The difference in this approach to making music is clear from the very start of ‘Black Clouds Over The Paper Mill’. While the release opens with a dramatic string sound that sets the mood and then seems to melt into the background, the guitar line is anything but a straight compliment to the strings. Instead it wildly spirals upwards and whips around like it’s inside the black clouds of the title.
And this release doesn’t tone itself down from there. ‘Broiled’ finds Silas using his guitar to play a range of sounds that you would not think could be coming from a guitar. And ‘Dallyance’ stars with a series of broken tones or “bleeps and bloops” that is hardly characteristic of Silas’s ambient work.
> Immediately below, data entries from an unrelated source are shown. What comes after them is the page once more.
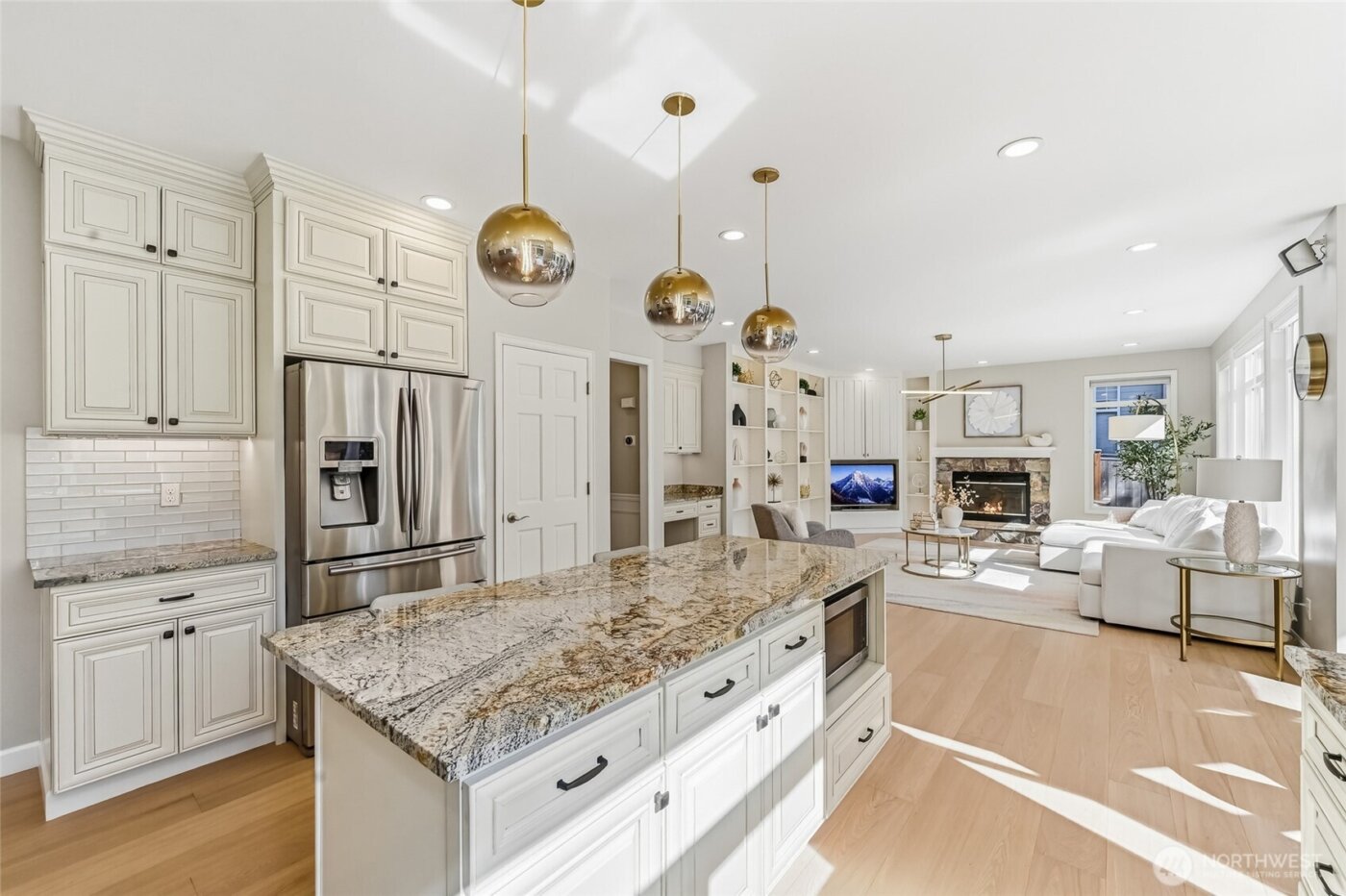 20573 NE 33rd Ct , Sammamish, WA 98074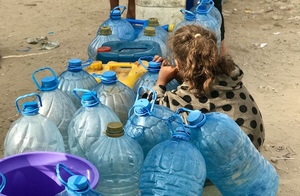 Mädchen im Gazastreifen wartet auf Wasser.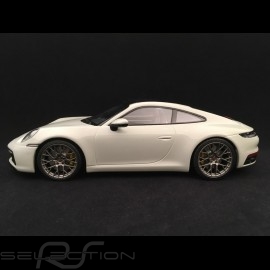 Porsche 911 type 992 Carrera 4S Coupe kreide 1/18 Minichamps WAP0211820K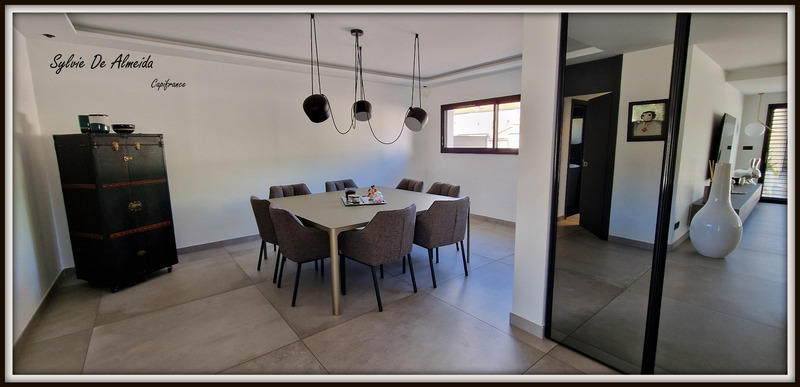 Propriété - 240 m² - 8 pièces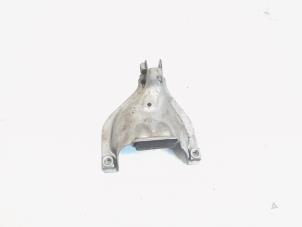 Gebruikte Motorsteun Audi A6 (C7) 2.0 TDI 16V Prijs € 9,00 Margeregeling aangeboden door GEJO Revisie & Onderdelen BV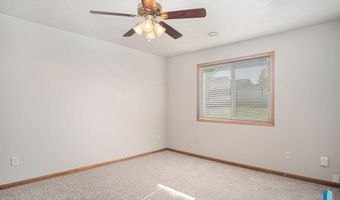 421 N 9th Ave, Brandon, SD 57005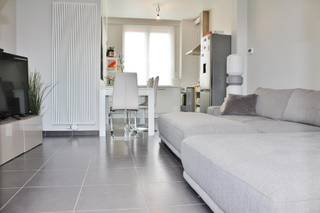 Deze instapklare woning is zeer centraal gelegen en omvat een gelijkvloerse verdieping met inkom, ruime lichtrijke leefruimte met open...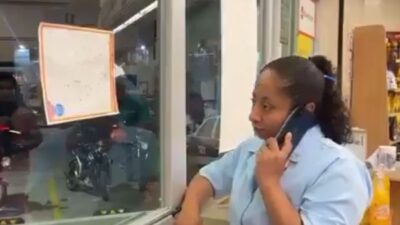 VIDEO: Empleada de Farmacia Guadalajara ‘secuestra’ y roba a una clienta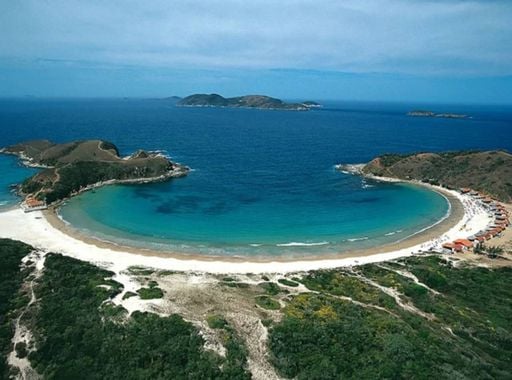 O destino perfeito para um bate‑volta de Niter&oacute;i: mar transparente e praia certificada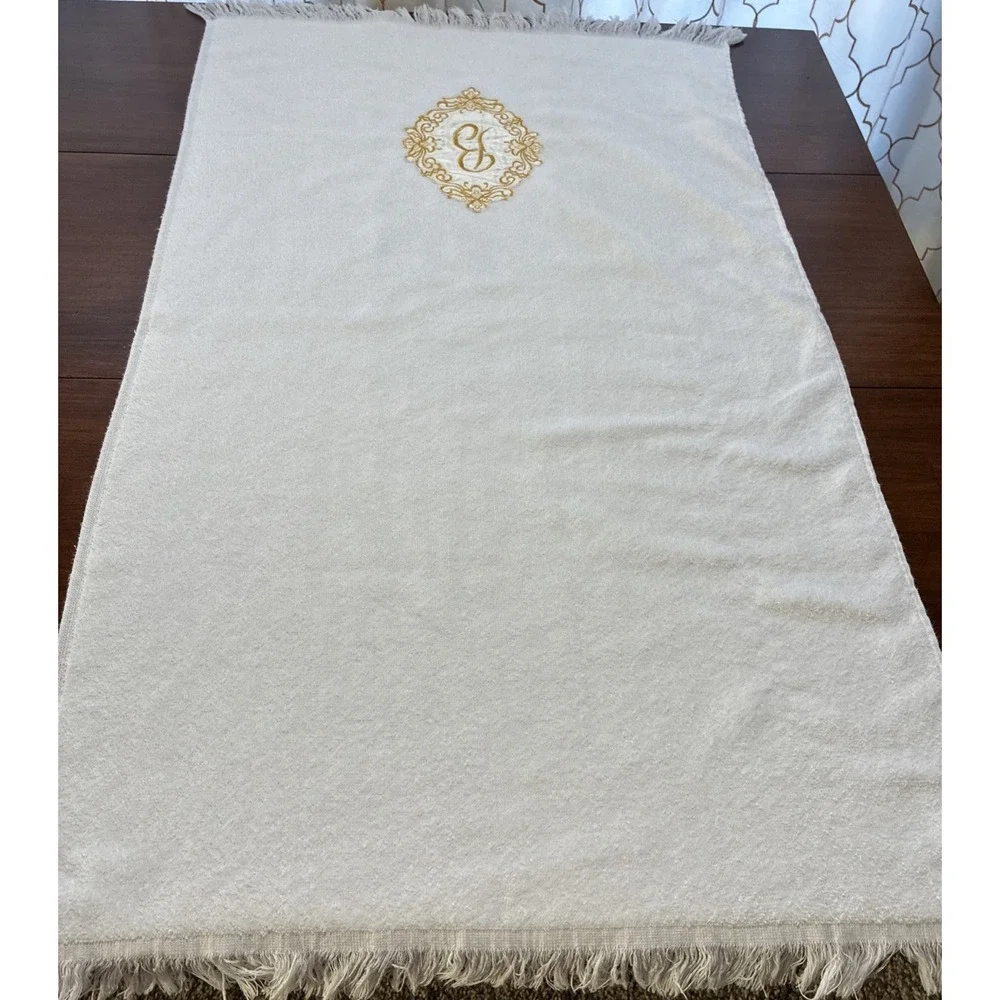 VTG Set Of 2 White W/ Gold  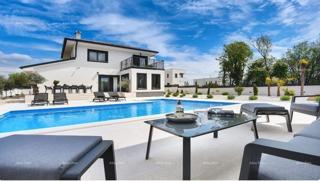 Prelepa, moderna hiša s bazenom in garažo, Krnica! Vseljivo takoj!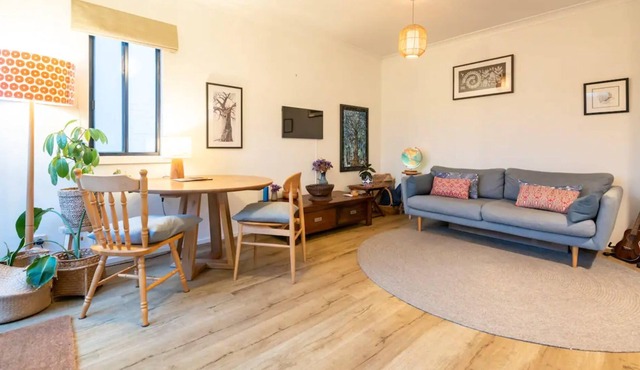 Spacious 2 Bedroom Apartment in Brunswick with Patio and Parking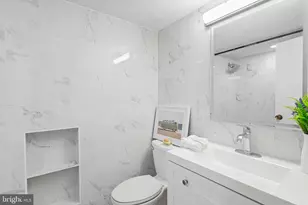 4201 Cathedral Ave NW, Washington, DC 20016 - Photo 15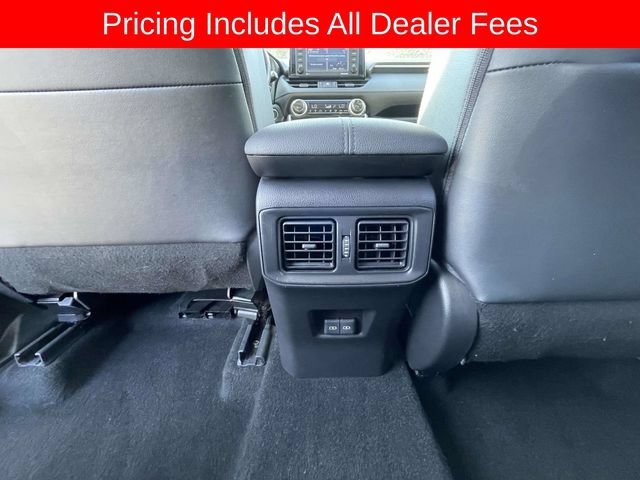 Used 2022 Toyota RAV4 XLE Premium AWD/4WD image 18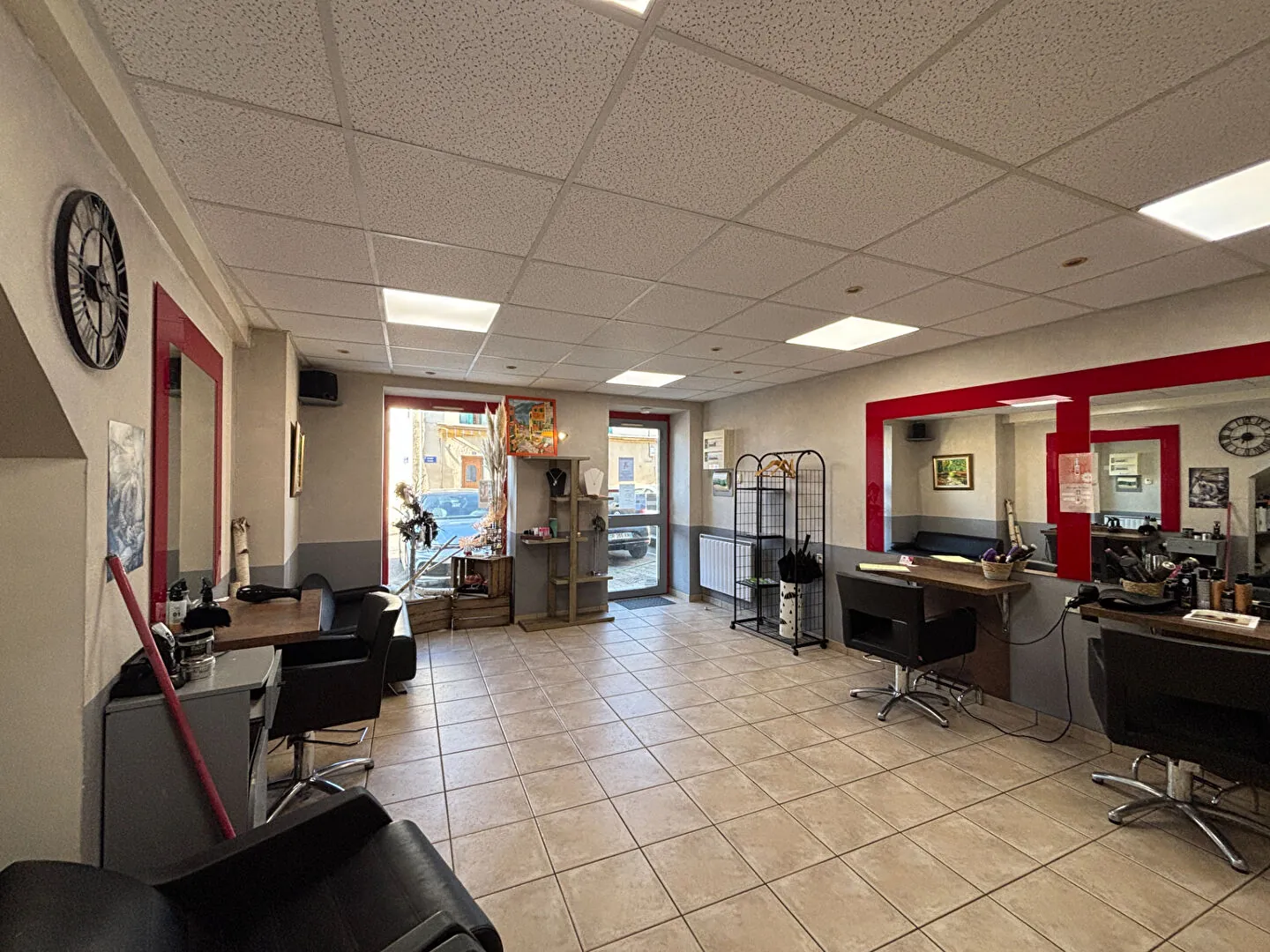 Fonds de commerce pour coiffure à Chevrieres avec matériel inclus et stationnement facile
And yet given the improvisation and “instant” composition that is going on in these pieces, they manage to be pretty listen-able. Yes, there is a real challenge in these pieces. That challenge was in finding ways to set up environments in which to work, in which to allow the musician to stretch out and not be restricted by the conventional confines of form and structure. And yet, there is also a need to create works that have an internal consistency. Find a way to make them have a feeling of being complete without resulting to some cliché to find a way out. And this is exactly what Cousin Silas does.
This isn’t to say that all of the tracks on this release are so experimental that the Cousin Silas you know and love is completely gone. ‘Digging a Hole in the Lake’ and ‘External Evidence’ have the feeling of Cousin Silas’s ambient works. And, ‘F-hole Shennanigans’ despite being a prepared guitar piece has a definite bluesy groove, and sounds really cool.
Still, there are some places where this work might be less accessible is on pieces like ‘For Fred’, and improvised piece dedicated to Fred Frith, ‘Lost in a Cacophony of Rhubarb’ and a couple more. But improvisation and experimentation are the name of the game on this release, so some “really out there” works are expected.
Conclusion
That Cousin Silas Twang is not the same old thing from Cousin Silas. He stretches his mastery of the guitar in as many directions as he can. Some of the works are more accessible than others, but this is a good thing. Artists need to stretch out and try different things, they need to study different music and musicians in order to learn and grow. As a listener and as a person I find it enlightening to be exposed to different was of thinking, different ways of approaching an idea. In this situation Cousin Silas has more than succeeded in providing a release that has enriched my life, and hopefully you will let this release do the same for you.
Tony Bennett commented once that he learned something from every singer he ever worked with, including from Luciano Pavrotti. Personally, it’s my hope that Cousin Silas will find more reasons to go out and experiment with his craft, and document what he’s learned in his travels for us.